Jean Jaurès était donc un espace public à géométrie variable, animé et vivant au rythme de ses fonctions attribuées au fil du temps par ses usagers mêmes, bien plus que par la municipalité, qui avait concédé certaines dérogations, ou une attitude condescendante aux uns et aux autres, vu l’état déplorable du lieu. Le plus remarquable est bien que dans ce joyeux espace chaotique, où plus aucune signalisation impose ses règles, ce sont les usagers qui suivent d’eux-mêmes, intuitivement et avec civisme les règles de conduite appropriée pour se partager l’espace cordialement : un espace « anarchique », donc, ou une urbanité de convenance, en soulignant que l’urbanité est dans les conduites et non dans les choses, la Plaine le prouve... pleinement.

Les fonctions se côtoient dans un bénéfique chaos urbain qui donnait sens à l'urbanité du quartier.

C’est en 2015 que des fuites rapportent au public, les premières démarches municipales pour un grand projet de requalification de la place Jaurès. Les associations et collectifs d’habitants ou d’usagers s’alarment ; non sans raisons, car l’obligatoire concertation des habitants – inscrite dans le Développement Durable – s’est effectuée en catimini, réduite à quelques séances et à un cahier de doléances citoyennes bien fourni mais parfaitement ignoré par les personnes en charge du projet, en l’occurrence de la Soleam (Société locale d’équipement et d’aménagement de l’aire marseillaise), ayant désigné après concours l’agence de paysagistes APS implantée à Valence (et des experts spécialisés dans la « prévention de la malveillance », pour faire face à l'éventualité d'une attaque terroristeofficiant à la Direction départementale de la sécurité publique). C’est bien pendant cette phase concertation et de médiation jugée inconsistante et dérisoire, et face à l’intransigeance de la Soleam (et des invariants programmes), que s’est développée la grogne citoyenne, dont les exigences, d’ailleurs, ne sont pas outre mesure, démesurées ou insensées, bien au contraire. Dès 2015, lors de la phase de pseudo-consultation, les habitants du quartier et usagers de la place les plus actifs et critiques, regroupés au sein de l’ « Assemblée de La Plaine » organisaient la résistance, et dans un communiqué le collectif regrettait :

« Nous dénonçons le fait que la mairie de Marseille et les mairies de secteur fassent des plans de réaménagement dans un total manque d'informations, de transparence et surtout aucune prise en compte des habitants, habitués et commerçants. » Et il est certain que si cette phase pré-projet, de programmation notamment, avait été effectivement bien conduite auprès des habitants et des associations, médiation comprise entre compromis et consensus, la situation aurait été aujourd’hui toute différente, mieux maîtrisée, plus sereine et moins conflictuelle.
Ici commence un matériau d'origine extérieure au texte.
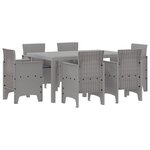 vidaXL Ensemble de Salle à Manger de Jardin 7 Pièces avec Coussins Gris Clair
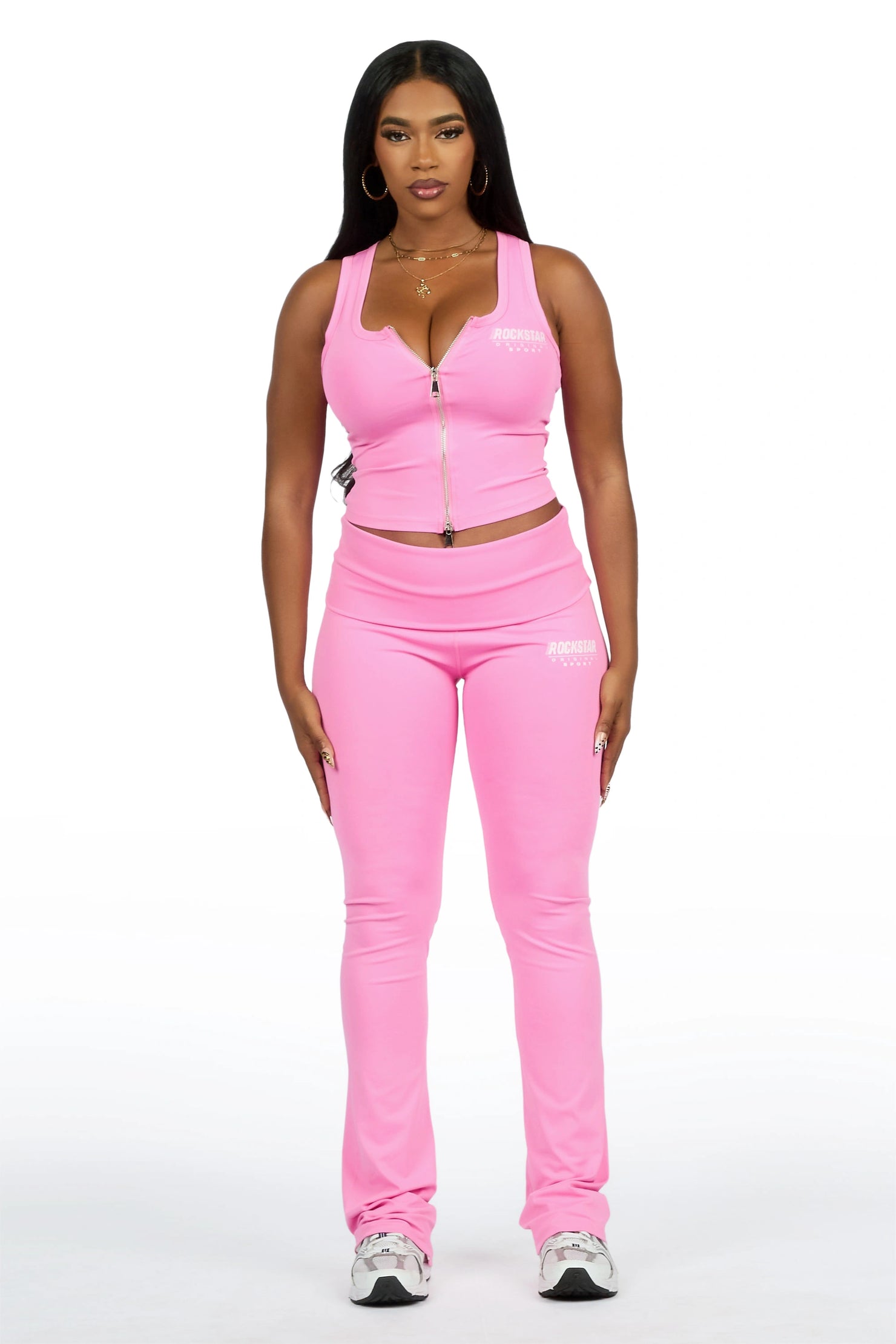 Colleen Pink Tank Flare Pant Active Set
Finalement, en 2018, les habitants ont été [dé]-concerté par voie de presse via un article paru dans un grand quotidien local présentant en images le projet lauréat du concours… et ceci dans le programme qualifié de « reconquête » du centre-ville, nommé « Opération grand centre-ville », qui prolonge les programmes d’Euroméditerranée 1 et 2, tout aussi destructeurs : c’est bien, selon mêmes les propos et déclarations de la municipalité, un projet programme destiné à gentrifier le quartier. Car c’est bien de cela qu’il s’agit, la destruction pure et simple de la vie, de l’urbanité d’un quartier, la requalification d’un espace public majeur où les fonctions seront strictement séparées, bien délimitées excluant de fait une mixité chaotique d’usages mais ô combien vivante, nécessaire et vitale même pour les habitants et usagers de la Plaine, et des visiteurs.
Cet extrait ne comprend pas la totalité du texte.